ニックはチェロレッスン、私は姉の家業を手伝いに松山へ毎月通う。姉んちランチに焼そばを食べたのがニックは気に入り、成田空港で同じような目玉焼の乗った焼そばを見つけて注文した。が、気に入らなかった。焼きそばは家で食べるもの、という教訓がニックにインプットされた瞬間。
姉んちは昔からなぜかいつも大所帯。甥姪孫達とご飯を食べてたニックがつぶやいた。
「みんなで食べる。」「美味しい。」
おっ、と思った。あとここに助詞「と」を入れたら、「みんなで食べると美味しい。」という普通の会話が成立する。最近こういう単語ユニットが増えてきた。後はつなげてくだけ。

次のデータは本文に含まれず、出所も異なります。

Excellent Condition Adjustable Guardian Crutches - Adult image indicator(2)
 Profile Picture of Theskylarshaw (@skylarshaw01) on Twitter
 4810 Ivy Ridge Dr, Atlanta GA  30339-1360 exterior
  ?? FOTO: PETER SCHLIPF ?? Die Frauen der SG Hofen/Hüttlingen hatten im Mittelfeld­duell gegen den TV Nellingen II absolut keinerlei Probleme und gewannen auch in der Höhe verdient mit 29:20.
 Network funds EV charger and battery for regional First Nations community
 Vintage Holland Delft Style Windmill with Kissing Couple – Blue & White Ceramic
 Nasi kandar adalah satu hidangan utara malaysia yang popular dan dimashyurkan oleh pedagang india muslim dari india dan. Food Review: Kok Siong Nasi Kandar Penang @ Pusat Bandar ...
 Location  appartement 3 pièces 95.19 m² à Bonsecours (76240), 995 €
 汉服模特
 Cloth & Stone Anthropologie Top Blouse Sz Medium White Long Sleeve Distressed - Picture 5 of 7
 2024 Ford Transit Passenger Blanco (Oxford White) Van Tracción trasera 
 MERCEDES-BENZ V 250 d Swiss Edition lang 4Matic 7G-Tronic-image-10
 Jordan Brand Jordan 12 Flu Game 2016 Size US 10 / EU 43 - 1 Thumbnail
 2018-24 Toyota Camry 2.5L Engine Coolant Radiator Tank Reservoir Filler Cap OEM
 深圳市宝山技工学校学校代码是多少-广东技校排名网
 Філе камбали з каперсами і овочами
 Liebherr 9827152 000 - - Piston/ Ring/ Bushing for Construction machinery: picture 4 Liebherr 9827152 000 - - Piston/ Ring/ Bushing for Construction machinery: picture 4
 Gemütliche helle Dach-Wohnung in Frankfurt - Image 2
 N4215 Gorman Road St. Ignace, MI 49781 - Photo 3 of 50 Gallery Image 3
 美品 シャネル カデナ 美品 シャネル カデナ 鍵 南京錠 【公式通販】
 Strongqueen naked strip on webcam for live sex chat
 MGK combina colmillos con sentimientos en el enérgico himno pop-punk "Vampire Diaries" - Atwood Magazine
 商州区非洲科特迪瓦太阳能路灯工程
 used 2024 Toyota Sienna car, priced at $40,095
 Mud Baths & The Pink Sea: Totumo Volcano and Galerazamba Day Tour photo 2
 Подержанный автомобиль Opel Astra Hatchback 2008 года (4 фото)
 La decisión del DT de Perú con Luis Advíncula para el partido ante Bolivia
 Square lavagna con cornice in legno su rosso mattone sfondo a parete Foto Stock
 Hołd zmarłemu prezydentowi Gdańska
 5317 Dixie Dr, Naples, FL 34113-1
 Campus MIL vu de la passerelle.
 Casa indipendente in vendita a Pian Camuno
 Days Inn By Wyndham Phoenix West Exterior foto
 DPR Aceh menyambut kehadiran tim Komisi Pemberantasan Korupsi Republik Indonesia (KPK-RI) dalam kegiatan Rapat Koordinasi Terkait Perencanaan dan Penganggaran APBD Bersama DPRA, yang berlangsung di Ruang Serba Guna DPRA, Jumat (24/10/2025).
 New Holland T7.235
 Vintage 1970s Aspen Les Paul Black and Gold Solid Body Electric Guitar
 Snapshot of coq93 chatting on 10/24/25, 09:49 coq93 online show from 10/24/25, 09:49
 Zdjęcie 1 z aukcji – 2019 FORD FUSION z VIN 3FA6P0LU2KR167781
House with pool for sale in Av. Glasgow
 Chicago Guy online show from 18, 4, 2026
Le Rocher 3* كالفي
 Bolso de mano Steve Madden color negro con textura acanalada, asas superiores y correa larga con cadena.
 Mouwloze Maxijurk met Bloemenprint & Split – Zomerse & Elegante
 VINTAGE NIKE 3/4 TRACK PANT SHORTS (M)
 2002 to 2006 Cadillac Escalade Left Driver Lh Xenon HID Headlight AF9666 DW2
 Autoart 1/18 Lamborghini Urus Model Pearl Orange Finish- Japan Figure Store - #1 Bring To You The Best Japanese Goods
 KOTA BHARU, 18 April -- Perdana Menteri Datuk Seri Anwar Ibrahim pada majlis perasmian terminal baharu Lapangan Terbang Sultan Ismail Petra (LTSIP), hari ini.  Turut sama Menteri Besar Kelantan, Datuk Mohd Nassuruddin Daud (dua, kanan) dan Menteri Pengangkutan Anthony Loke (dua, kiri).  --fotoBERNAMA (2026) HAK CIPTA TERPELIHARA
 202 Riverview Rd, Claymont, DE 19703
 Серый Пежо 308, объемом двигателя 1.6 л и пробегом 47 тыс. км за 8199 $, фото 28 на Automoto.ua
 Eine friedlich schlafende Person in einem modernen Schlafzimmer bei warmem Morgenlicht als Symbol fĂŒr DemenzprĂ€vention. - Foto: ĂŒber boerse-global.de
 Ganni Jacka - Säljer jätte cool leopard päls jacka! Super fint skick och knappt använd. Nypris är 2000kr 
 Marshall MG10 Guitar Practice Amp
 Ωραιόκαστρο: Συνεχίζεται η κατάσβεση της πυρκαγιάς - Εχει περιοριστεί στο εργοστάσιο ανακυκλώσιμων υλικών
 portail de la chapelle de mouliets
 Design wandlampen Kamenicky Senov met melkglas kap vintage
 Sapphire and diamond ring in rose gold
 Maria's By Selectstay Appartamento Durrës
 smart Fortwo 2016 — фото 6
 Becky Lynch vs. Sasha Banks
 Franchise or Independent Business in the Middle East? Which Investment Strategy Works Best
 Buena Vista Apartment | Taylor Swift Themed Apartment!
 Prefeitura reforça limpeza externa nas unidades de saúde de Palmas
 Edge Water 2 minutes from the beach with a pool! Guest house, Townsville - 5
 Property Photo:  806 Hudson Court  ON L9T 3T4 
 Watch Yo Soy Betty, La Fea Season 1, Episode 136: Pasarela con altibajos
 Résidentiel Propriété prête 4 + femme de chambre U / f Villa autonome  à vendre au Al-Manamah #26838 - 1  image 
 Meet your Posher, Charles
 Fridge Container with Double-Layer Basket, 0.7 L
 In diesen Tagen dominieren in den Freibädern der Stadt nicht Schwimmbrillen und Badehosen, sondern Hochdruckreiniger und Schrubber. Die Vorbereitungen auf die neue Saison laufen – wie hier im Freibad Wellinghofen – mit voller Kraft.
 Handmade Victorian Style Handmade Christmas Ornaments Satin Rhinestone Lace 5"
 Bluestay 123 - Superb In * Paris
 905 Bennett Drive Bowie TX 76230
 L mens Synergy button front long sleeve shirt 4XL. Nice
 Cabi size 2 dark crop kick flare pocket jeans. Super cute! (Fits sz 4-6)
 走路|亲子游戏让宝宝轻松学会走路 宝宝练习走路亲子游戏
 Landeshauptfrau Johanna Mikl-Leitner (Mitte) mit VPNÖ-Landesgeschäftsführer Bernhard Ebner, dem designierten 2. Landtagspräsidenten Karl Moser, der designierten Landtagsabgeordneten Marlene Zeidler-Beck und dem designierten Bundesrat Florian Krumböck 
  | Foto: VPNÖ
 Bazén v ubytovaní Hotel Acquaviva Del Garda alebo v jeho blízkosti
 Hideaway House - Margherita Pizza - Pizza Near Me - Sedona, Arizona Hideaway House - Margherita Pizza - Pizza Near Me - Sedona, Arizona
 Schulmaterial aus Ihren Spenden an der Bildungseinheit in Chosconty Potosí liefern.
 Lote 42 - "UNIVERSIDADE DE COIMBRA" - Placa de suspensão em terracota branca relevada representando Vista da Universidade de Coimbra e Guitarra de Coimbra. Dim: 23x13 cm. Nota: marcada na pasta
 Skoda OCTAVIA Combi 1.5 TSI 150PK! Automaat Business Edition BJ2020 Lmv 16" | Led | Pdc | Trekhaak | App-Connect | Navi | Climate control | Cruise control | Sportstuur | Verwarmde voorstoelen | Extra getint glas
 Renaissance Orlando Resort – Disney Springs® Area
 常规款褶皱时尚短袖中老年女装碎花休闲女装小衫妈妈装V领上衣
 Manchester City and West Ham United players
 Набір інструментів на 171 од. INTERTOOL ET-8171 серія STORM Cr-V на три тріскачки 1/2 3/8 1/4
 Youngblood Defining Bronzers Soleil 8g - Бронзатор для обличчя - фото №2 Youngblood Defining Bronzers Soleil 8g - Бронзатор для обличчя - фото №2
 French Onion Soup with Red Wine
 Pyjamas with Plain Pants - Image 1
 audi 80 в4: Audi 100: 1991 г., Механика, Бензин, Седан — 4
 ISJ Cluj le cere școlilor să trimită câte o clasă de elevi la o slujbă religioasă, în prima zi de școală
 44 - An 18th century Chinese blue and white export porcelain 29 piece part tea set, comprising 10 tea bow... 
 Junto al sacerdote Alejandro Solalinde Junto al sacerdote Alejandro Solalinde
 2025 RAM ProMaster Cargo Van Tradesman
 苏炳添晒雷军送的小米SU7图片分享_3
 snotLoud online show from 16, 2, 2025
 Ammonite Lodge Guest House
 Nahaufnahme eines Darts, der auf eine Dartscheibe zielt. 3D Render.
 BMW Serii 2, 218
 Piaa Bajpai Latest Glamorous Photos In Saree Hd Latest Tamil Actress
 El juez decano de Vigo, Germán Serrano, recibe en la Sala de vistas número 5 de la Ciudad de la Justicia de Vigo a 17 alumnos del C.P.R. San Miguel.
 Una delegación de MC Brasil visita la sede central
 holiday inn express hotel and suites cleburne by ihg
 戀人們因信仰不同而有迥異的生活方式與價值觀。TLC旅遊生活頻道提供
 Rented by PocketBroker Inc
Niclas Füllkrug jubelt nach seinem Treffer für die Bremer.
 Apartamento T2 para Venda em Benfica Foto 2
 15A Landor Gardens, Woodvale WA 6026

山中湖に足りないものは映画館。マイルスデイヴィスの伝記風映画を松山で見てニックが、「マイルスは天才だけど、ハイドンのトランペット協奏曲が吹けるかと言えばNOだ。」と言った。んなこたあないマイルスなら吹けるやろ、と私が言ったらムキになり、サビの所を自分でパパパパパパパパ歌って聞かす。義兄の兼光さんに「CDドコデスカ?」と聞く。CDコレクション沢山あり過ぎて無理と思ったが、兼光さんは麻婆豆腐作って下さりながら、何と探し出したよ。かけてもらうとニックは喜び、モーリスアンドレと一緒にパパパパパパパパ歌い出す。したところ、うちの姉もニックと一緒にパパパパパパパパ歌い出したよ。おおっ。これってそんな有名な曲なの? ナサニエルローゼンと夏井いつきの口トランペット共演って非常にレア物を聞けた。